Two new sub-projects are added recently:
- Hadoop Ozone: It is a scalable, redundant, and distributed object store for Hadoop. Apart from scaling to billions of objects of varying sizes, Ozone can function effectively in containerized environments such as Kubernetes and YARN. It is built on a highly available, replicated block storage layer called Hadoop Distributed Data Store (HDDS). [An excerpt. Click to find more.]
- Hadoop Submarine: A machine learning engine for Hadoop. It is a project that allows an infra engineer/data scientist to run deep learning applications (Tensorflow, Pytorch, and so forth) on a resource management platform (like YARN). [An excerpt. Click to find more.]

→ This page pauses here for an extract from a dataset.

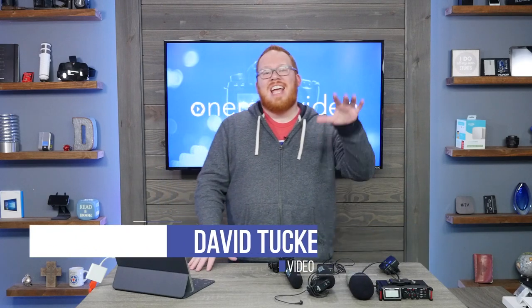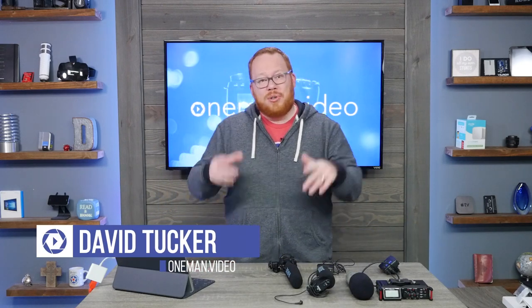Hey content creators, it is David Tucker from One Man Video here and today we are talking about our studio build out and we are talking about audio. This episode is all about the signal chain of audio and how I actually configured that with my ATEM switcher, and then we are going to do another episode next where we are going to be looking at all of these microphones and the different ways that I have done audio since I started doing video, just to give you some insight on what we are going to be leveraging here in the studio.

Hadoop has made a significant impact on the searches, in the logging process, in data warehousing, and Big Data analytics of many major organizations, such as Amazon, Facebook, Yahoo, and so on. It is a one stop solution for storing a massive amount of data of any kind, accompanied by scalable processing power to harness virtually limitless concurrent jobs. In a few words, the popularity of Hadoop owes much to its fault-tolerant, scalable, cost-effective, and fast capability.